За это время Фарида, заработала достаточно денег на дорогу, но не могла поехать в Россию, так как она не знала русского языка.
А время летело неумолимо, оставляя за собой только сладкое воспоминание, и остановить его мог только Бог. Иногда Фарида ходила на берег, чтобы собрать хворосту и дров для очага. Там она лежа на траве среди юлгуновых зарослей, долго и тихо плакала. У неё был огромный запас слез, который, словно родник, не иссякал с момента её рождения до сегодняшних дней. Она никому не показывала слезы, кроме Фатилы, которая писала картины с застывшими волнами песчаного моря среди степных дюн с саксаулами, которым зацепился невидимый нежный подол платья степного ветра. Она изображала на полотне закаты и рассветы, запечатлевала ящериц, бегающих на маленьких ножках, поднимая хвост крючком вверх, чтобы не обжечь на горячем песке своё мягкое беленькое брюхо. Изображала гордыню варана в тигровой шкуре без шерсти, который стоял на песке, высунув раздвоенный язык, словно маленький динозавр, пугающий своих противников своим виляющим могучим хвостом.
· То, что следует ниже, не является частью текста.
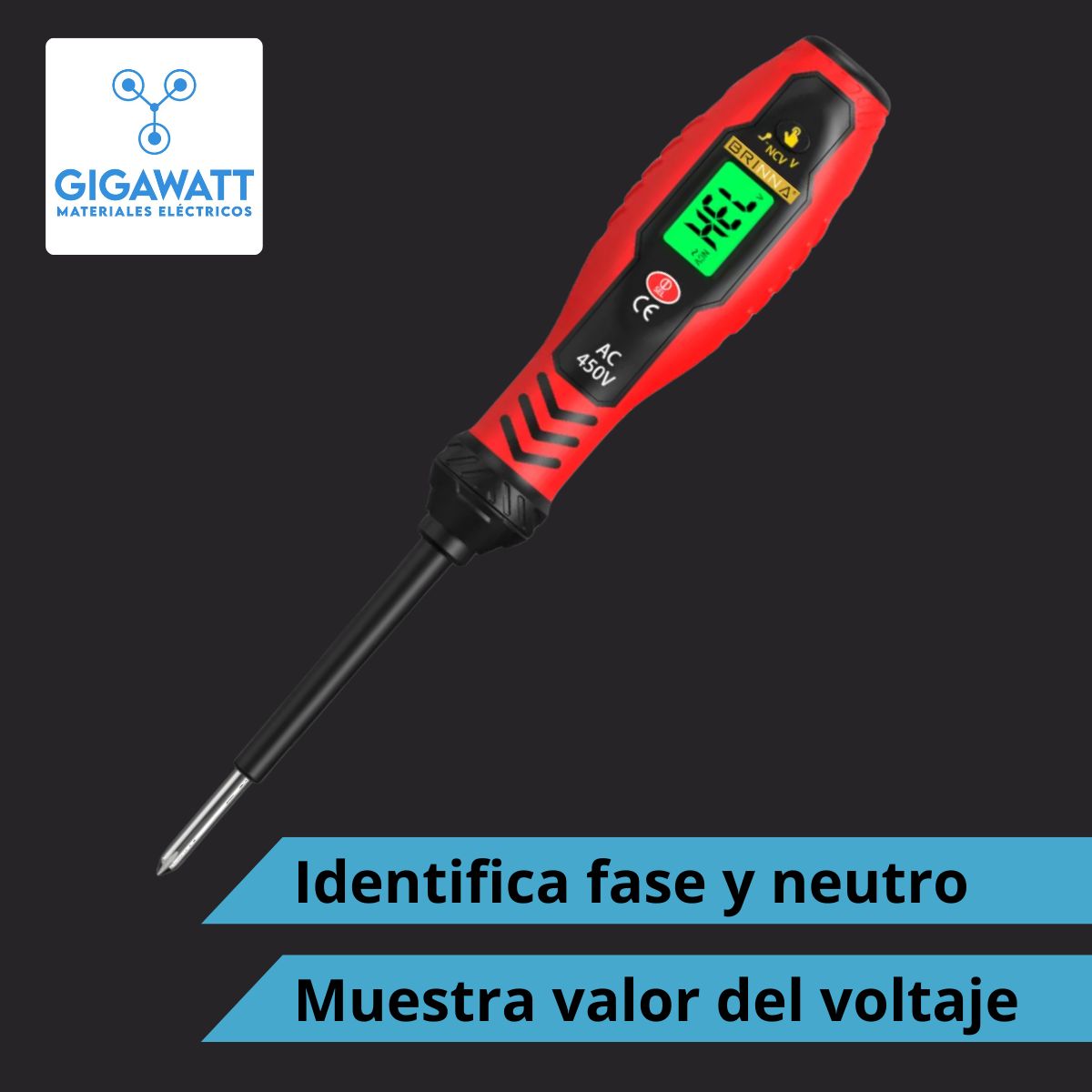 Destornillador Buscapolo Inductivo Smart Display Ph Brinna Buscapolo Smart C/display Hb-64 - Image 3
В свободные время Фарида находила Фатилу, работающую где-нибудь на природе, в тени маслин, и любила молча наблюдать, как она пишет картину. Фатила не рисовала, а писала на холсте масляной краской музыку, степную симфонию. Она изображала тишину своей немой подруги-степи. Фарида подружилась с этой необычной женщиной с чистой душой, с утонченными как у великого композитора чувствами. Однажды она даже заплакала, наблюдая за Фатилой, когда та запечатлела песчаные просторы с танцующими вихрями. Эти безмолвные танцы вихрей вызвали у Фариды слёзы. Ей казалось, что эти далекие вихри танцевали, крутясь и вздувая свои песчаные платья, и развивая волосы, и плакали, как пьяная танцовщица, которую покинул возлюбленный. Она увидела в тех вихрях свое печальное изображение. Она точно так же была опьянена любовью Гурракалона, и ей тоже хотелась танцевать, развеивая свои пышные и нежные волосы, которые так любил Гурракалон. Ей хотелось танцевать и плакать, как эти вихри, на сцене безлюдных песчаных просторов, пока она не упадет, потеряв сознание. Она приятно удивилась, когда Фатила, словно читая её мысли, подарила ей картину, где были изображены танцующие вихри на песчаных просторах Комсомолабадских степей.